Quand je découvre un auteur, j'aime bien commencer par des romans qui ne sont pas d'actualité. Pour Julian Barnes, j'aurais pu me lancer dans un bouquin récent comme "une fille, qui danse" par exemple. J'ai préféré lire "Love, etc," bien plus ancien (1992) car le sujet semblait correspondre à mon humeur du moment, à mon envie de légèreté sans prise de tête, et puis j'aime bien lire des vieux trucs que tout le monde a oublié :))

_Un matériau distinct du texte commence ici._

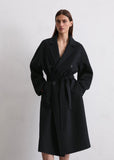 Deep Night Blue Coat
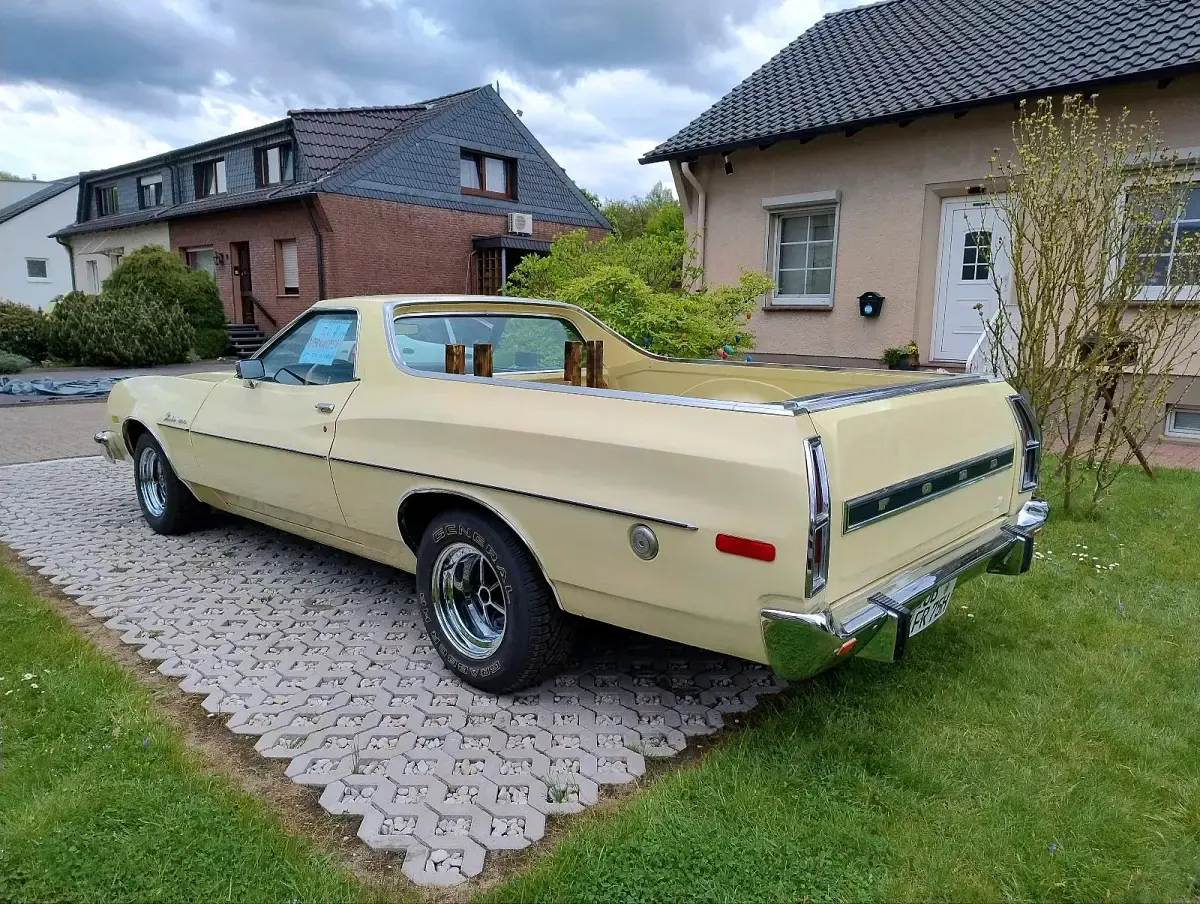 Gebraucht Ford Ranchero 155 PS (114 kW) 1975 Gelb Pickup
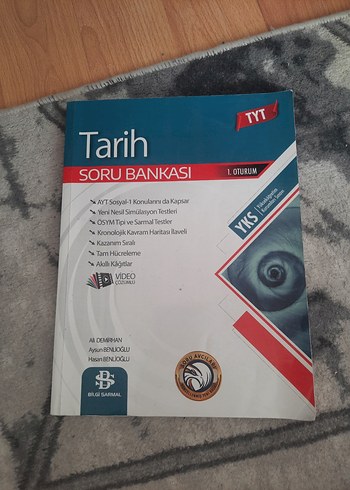 Bilgi Sarmal TYT Tarih Soru Bankası
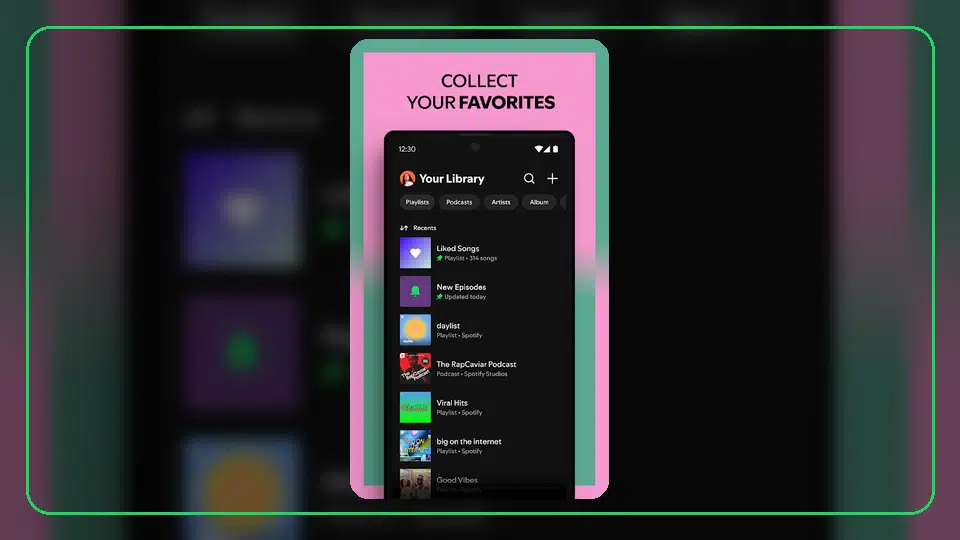 Spotify Data Saver and Audio Quality Guide - Spotify app screenshot 6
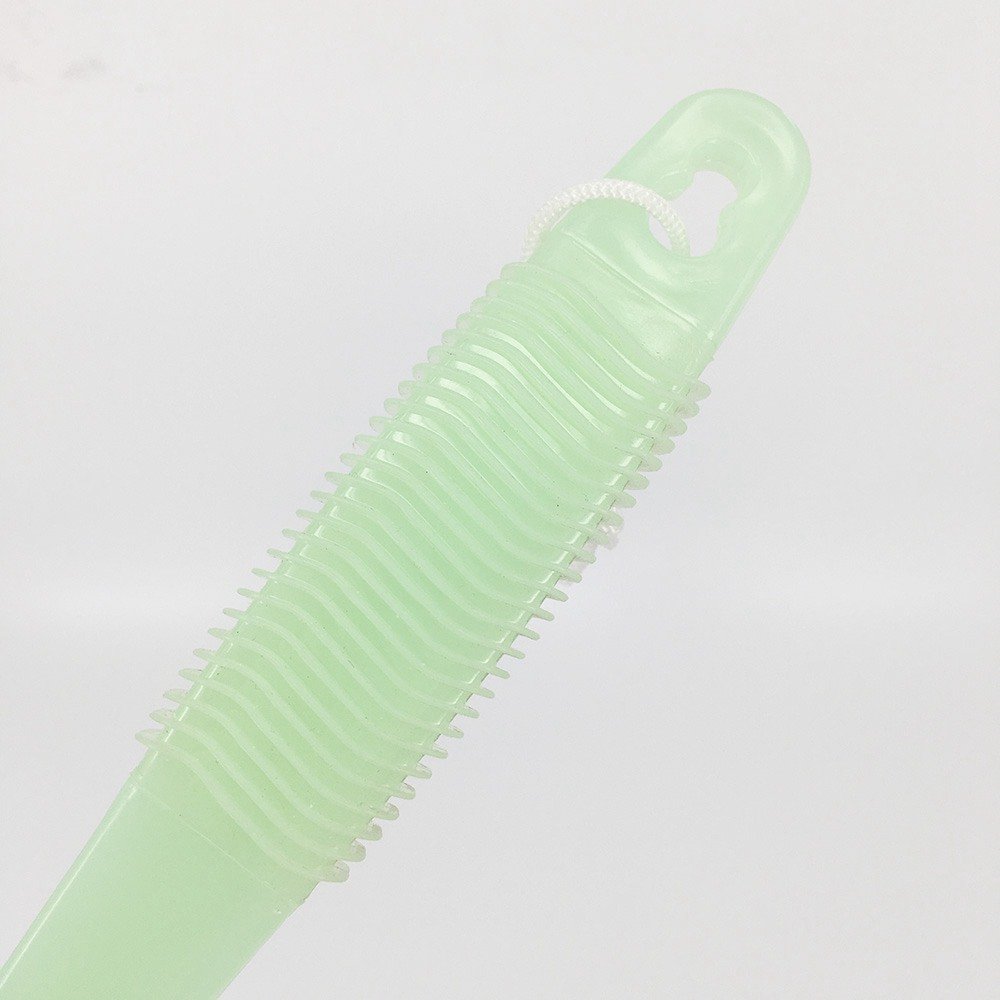 TPR antislip handle of long handle shower body brush
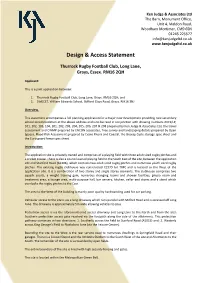 Design & Access Statement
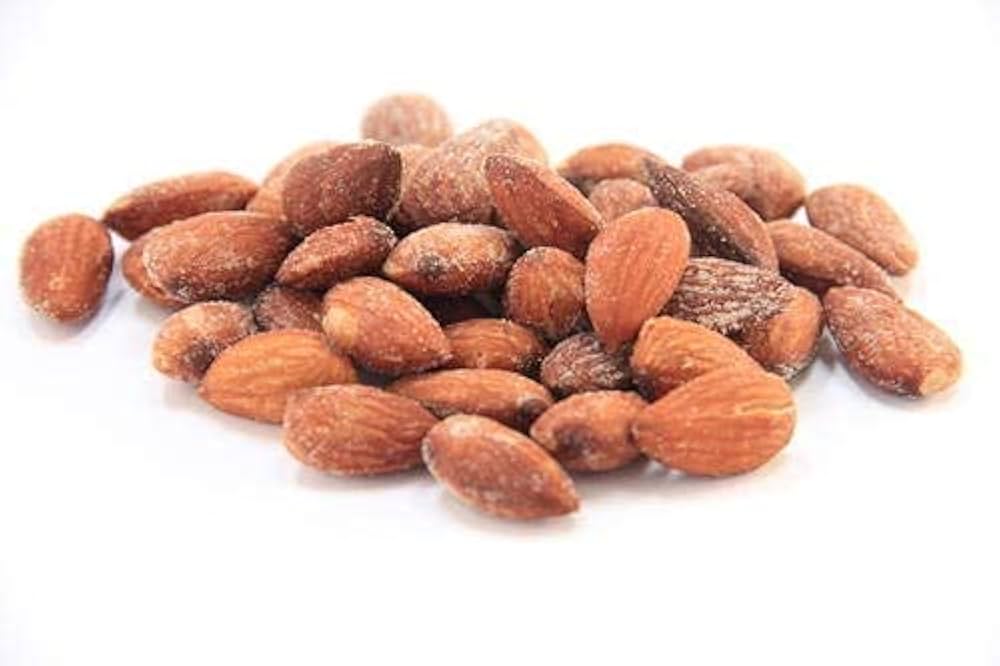 Roasted and Salted Almonds with Himalayan Salt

Donc, une comédie romantique, avec une base assez classique de triangle amoureux. Stuart et Oliver sont amis d'enfance. L'un est timide et manque totalement d'assurance, l'autre est culotté, un brin méprisant vis-à-vis de son ami, et surtout très bavard et pédant. Stuart travaille sagement dans une banque où il gagne de l'argent, tandis qu'Oliver vivote en lui en empruntant et en donnant des cours dans une école anglaise, dont il ne tardera pas à se faire virer. (Pourquoi, je ne vous le dis pas) Stuart rencontre la jolie Gillian, une restauratrice de tableaux, en tombe amoureux et elle aussi. Ils se marient, et c est là que ça se complique. Car Oliver est lui aussi tombé amoureux de Gillian...
Classique dans le sujet, ce roman ne l'est pas dans sa construction, qui donne tour à tour la parole aux protagonistes, ainsi qu'à quelques témoins de l'histoire, chacun donnant sa version en corrigeant sensiblement celles des autres et en s'adressant -vraisemblablement- au lecteur. Je me suis d'ailleurs demandé s'il s'agissait du lecteur, ou d'un psy, ou du romancier lui-même, pourquoi pas. Jusqu'à la fin j'ai douté. Originale et subtile, cette façon de soliloquer, et surtout très théâtrale. On a l'impression d'être dans une pièce, où les personnages cabotinent beaucoup, surtout Oliver, parfait dans le rôle du "salaud".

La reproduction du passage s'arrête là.